Original post: October 24, 2006
Due to both the lack of personal stories and a high demand from my roommate to post a new blog, I've decided to write one about a funny dream I had one time.
Now, this was several months ago, but while I was at work, some people came in with kittens in a basket that they wished to give away. I was down in the drive, and Zach told me to come look at them.
"Oh, how adorable!" I exclaimed. "I really shouldn't bring these home. Our landlord doesn't know about the eight we already have."
So, after I petted the kitties and gave them a lot of attention, the kitten-vendors went on their merry way.
"Dude, that guy gave you the funniest look."
"What?"
"He must've thought you were gay."
"Why do you say that?"
"'Cause of the way you said the kittens were adorable."
"I see..."
"Also, you're wearing that purple shirt."
"Well, of course, those two small instances make me gay in a stranger's mind. Whatever."

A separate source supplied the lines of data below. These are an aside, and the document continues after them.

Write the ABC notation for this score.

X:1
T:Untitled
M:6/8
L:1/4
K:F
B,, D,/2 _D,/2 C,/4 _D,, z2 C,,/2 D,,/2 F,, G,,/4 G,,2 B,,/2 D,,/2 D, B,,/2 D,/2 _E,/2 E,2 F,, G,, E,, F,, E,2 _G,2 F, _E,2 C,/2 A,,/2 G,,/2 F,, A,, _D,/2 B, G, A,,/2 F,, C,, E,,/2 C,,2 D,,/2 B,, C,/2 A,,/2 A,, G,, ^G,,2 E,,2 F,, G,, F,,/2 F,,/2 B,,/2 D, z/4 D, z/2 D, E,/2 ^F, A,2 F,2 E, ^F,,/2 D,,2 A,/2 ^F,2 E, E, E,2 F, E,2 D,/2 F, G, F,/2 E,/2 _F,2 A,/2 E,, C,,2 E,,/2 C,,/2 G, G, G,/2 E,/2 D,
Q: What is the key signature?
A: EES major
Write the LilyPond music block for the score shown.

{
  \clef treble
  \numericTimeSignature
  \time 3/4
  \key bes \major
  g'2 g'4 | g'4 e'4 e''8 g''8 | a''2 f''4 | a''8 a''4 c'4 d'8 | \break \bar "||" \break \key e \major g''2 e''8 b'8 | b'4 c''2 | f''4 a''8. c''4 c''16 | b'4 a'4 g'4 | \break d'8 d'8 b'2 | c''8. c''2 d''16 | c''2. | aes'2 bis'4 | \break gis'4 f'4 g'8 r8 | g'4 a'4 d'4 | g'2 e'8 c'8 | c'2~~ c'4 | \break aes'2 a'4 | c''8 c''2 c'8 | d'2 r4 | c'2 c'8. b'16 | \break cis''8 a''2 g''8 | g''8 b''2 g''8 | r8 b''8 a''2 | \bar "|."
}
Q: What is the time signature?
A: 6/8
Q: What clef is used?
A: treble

Anyway, that night, I had a dream where I was at a party with a bunch of friends and family. I kept trying to talk to the ladies and try to get my hands in some of their panties, but all they wanted to talk to me about was how I came out of the closet and how brave I was for it. I had no idea where they had got that idea from. After a few minutes, I started getting annoyed and screamed out, "Why does everybody think I'm gay?! I'M NOT GAY!!!"
Then I woke up. I told some people the next day at work, and it got quiet right before I said the "I'm not gay" part.
Sherry: "What are you yelling about down there?"
Me: "Sorry. Was that loud?"
Sherry: "Yeah, you're too funny."
Me: "Well, I'm not."
Sherry: "Funny?"
Me: "No, gay."
Don't get me wrong, I have no question about my sexuality, but every once in a while, I get the feeling that the ladies might think I don't swing their way. Anyone wanna prove my theory wrong?